Using Portfolio Manager I set up a couple of assertive CP portfolios at the first of the year. I chose the Vanguard ETFs assertive portfolio and the TD e-series funds approach. With no money involved in setting up my dream-team portfolios, it was easy to create CP portfolios with the exact value of my own portfolio at the first of the year.
Today my personal portfolio, one that I have watched fly high and dip low, is riding the crest of success. It is outperforming both the Couch Potato portfolios. It is not surpassing them by much but it is still ahead by a nose. This may surprise you but the recent cut in the D.UN dividend translated in a boost in the share value of Dream Office REIT and that increase in value helped bump me ahead of the CP portfolios.
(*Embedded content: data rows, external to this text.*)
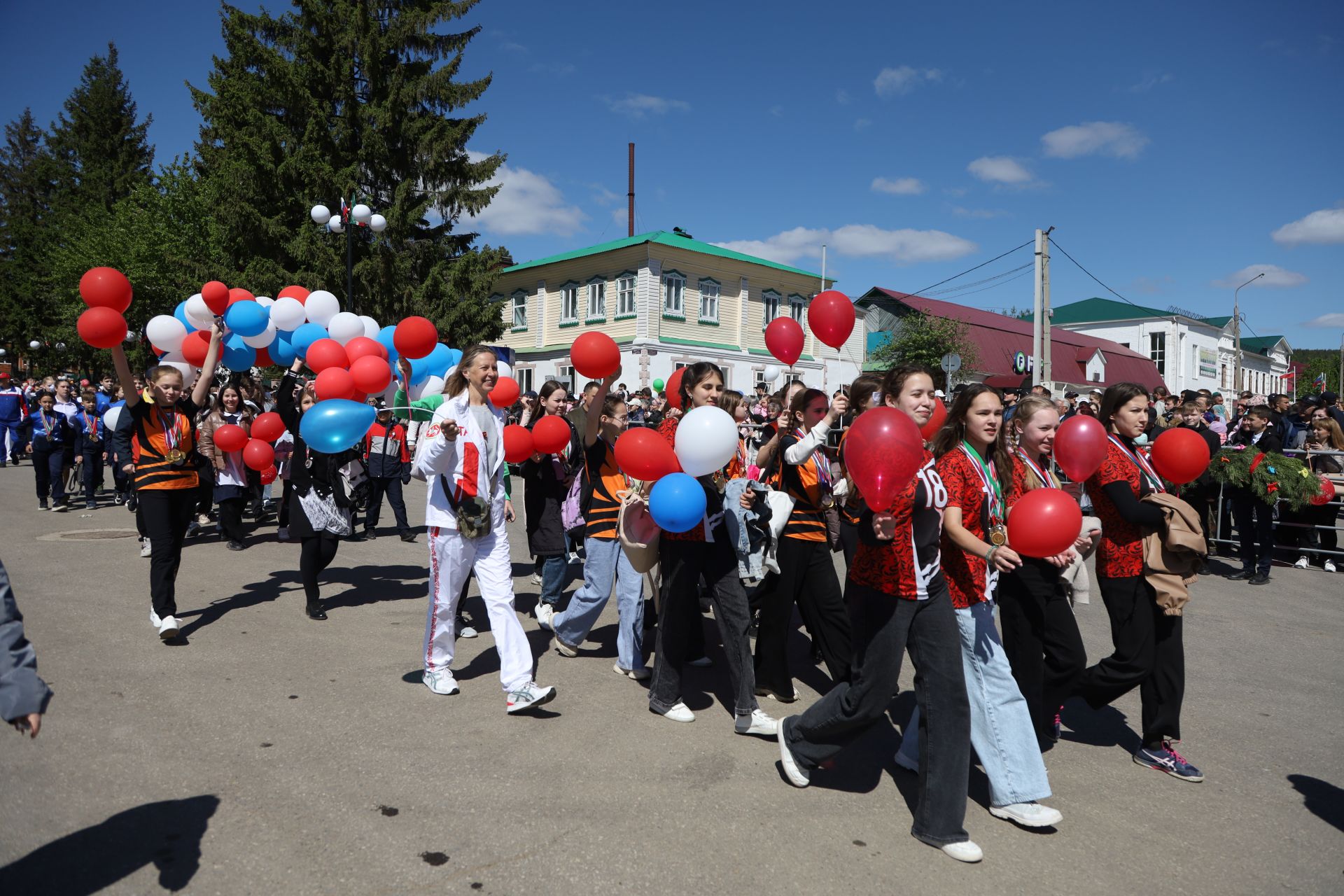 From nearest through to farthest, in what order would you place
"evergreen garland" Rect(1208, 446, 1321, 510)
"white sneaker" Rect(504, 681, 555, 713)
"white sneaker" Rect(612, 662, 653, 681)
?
1. "white sneaker" Rect(504, 681, 555, 713)
2. "white sneaker" Rect(612, 662, 653, 681)
3. "evergreen garland" Rect(1208, 446, 1321, 510)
My worst performing experimental portfolio is one I concocted using the stock screener function. I went for high dividend yield, the highest Columbine Capital Quant Ranking, oodles of analyst interest and coverage, great EPS growth, revenue growth, EBITD margin and return on equity. This portfolio of eleven stocks has been a roller coaster straight from hell. I'm not totally surprised but the extremes reached have been greater than even I imagined.
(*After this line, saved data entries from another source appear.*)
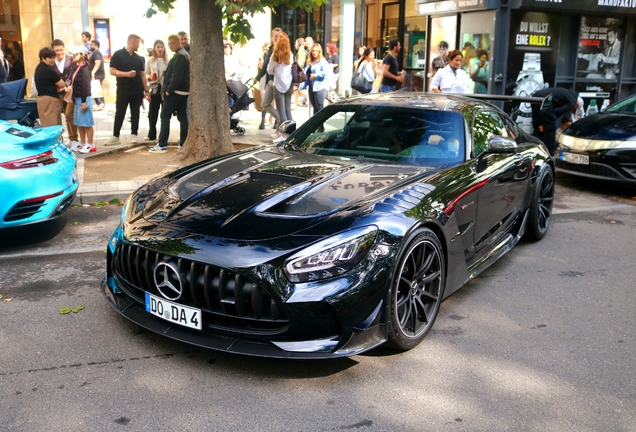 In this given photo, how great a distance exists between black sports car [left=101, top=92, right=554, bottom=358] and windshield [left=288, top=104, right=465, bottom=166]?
0.01 meters

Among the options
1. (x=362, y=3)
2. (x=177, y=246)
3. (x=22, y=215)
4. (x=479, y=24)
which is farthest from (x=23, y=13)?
(x=177, y=246)

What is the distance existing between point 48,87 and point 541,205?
7.84 meters

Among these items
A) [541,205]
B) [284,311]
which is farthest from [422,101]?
[284,311]

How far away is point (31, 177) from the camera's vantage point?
597cm

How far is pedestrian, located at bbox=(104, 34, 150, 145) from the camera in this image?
38.4 feet

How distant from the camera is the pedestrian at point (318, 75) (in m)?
12.9

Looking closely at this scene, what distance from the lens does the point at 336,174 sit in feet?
14.9

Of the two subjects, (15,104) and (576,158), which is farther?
(15,104)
I never thought I'd be saying this, but the bad stock picks I made in the past have wilted to the point that they have almost no affect on my portfolio. These mistakes posing as companies could go bankrupt and I'd hardly miss them. If they come back, even a little, it will be wonderful but I'm not holding my breath.
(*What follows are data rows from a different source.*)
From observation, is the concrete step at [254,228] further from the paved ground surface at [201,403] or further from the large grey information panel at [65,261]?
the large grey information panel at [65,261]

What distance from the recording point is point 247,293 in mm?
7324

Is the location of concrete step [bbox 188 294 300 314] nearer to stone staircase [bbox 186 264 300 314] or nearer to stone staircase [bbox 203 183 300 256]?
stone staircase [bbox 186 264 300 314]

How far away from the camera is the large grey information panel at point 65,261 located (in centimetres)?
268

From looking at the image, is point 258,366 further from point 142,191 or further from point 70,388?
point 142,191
Which brings me to why I am checking out alternative investing styles like the Couch Potato: I am getting to the point where I can sell my holdings and not fret over the paper losses. I can then repurpose this money. But if I do this, I want the new portfolio to meet three criteria:
- continued good dividend yield -- more than four percent
- not overly volatile -- a high sleep-at-night factor
- simple to set up
- simple to manage
I am leaning towards ETFs for supplying the answers to my retirement demands.
I think at the six month mark, I'll drill deeper into my imaginary portfolios and how they are performing.